Agora deixa eu te explicar uma coisa, se você nunca foi a um evento "cult" (bienal é cult): sempre tem aquela renca de convidados - secretário de cultura, filho do secretário de cultura, assessor parlamentar para assuntos extraordinários do governo federal, do governo estadual, do governo distrital, do município vizinho, parente da Marcela Temer, sobrinho de não-sei-quem etc.. E esse povo fica na frente, nos melhores lugares da plateia, bem ali pertinho de quem está palestrando ou se apresentando, mesmo que eles nem saibam de quem se trata. Então quando ouvi a mocinha dizer que uma "convidada" tinha ficado sem papel no banheiro cheguei a esboçar um sorrisinho de brasileira indignada (e um tantinho rancorosa, porque eu nunca estive entre os "convidados") e entrei no tal banheiro com a cara de triunfo que Deus permite a uma mortal ter - eu tinha papel higiênico na bolsa; a convidada, não.
De dentro da baia onde fica o vaso sanitário, ouço uma voz "Ah, obrigada.

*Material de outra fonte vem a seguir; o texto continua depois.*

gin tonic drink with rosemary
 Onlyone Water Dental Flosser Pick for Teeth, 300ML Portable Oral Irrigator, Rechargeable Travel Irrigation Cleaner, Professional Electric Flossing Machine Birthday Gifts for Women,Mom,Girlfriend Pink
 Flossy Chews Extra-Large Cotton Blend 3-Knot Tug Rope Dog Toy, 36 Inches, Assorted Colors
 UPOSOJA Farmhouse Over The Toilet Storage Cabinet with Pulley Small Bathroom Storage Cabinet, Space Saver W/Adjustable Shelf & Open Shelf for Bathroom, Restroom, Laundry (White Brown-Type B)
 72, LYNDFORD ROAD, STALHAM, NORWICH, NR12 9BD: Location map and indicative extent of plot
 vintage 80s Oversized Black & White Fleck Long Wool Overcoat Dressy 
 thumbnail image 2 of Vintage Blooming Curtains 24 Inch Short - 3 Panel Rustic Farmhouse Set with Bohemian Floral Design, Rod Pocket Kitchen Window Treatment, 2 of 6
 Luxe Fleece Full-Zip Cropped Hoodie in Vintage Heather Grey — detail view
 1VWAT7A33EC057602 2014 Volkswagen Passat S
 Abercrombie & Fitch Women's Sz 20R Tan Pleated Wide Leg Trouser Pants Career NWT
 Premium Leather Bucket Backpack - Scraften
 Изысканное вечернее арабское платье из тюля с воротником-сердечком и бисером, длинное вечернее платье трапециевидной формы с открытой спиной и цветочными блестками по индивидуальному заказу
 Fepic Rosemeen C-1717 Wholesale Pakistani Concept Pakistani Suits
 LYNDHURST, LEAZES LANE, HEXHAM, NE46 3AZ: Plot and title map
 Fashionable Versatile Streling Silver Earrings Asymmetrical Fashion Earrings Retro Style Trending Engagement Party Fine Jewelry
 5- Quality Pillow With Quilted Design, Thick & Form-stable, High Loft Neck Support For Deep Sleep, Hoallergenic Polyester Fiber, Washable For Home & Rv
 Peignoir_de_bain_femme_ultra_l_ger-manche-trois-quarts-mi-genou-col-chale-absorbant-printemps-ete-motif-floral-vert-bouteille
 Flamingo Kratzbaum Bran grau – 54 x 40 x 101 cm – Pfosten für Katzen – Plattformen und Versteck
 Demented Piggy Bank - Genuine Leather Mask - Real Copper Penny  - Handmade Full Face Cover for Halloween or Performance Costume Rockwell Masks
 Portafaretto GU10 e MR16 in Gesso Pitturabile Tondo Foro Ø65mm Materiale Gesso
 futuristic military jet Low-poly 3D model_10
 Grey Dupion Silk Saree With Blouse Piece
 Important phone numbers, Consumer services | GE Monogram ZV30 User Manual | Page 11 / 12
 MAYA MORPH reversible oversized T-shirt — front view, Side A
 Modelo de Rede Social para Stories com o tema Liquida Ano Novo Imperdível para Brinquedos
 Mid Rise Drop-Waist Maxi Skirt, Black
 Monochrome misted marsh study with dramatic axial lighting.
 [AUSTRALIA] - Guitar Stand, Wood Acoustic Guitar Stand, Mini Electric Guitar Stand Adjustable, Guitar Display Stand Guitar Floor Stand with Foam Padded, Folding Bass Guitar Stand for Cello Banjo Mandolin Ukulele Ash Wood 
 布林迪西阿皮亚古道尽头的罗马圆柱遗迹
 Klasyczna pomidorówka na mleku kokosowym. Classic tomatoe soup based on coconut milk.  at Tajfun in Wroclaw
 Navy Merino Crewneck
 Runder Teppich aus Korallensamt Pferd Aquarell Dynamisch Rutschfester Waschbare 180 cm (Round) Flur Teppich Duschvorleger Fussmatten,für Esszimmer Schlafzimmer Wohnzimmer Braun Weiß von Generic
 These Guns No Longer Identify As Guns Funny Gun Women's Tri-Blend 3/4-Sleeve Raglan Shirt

Sem papel não dá, né?"Atrás de mim, a mocinha chega esbaforida com um rolo de papel daqueles de banheiro público na mão. A moça suspira de alívio e estende a mão para a voz de dentro da baia. E de dentro daquele cubículo sai Adélia Prado, com cara de mulher-de-todos-os-tempos, propriamente vestida e esperando um papelzinho higiênico. Adélia Prado com problemas de gente comum. Adélia querendo fazer xixi que nem eu. Adélia, ali, no banheiro, a uns dois metros de distância de mim, que fiquei com a boca aberta e não consegui articular uma palavrinha sequer.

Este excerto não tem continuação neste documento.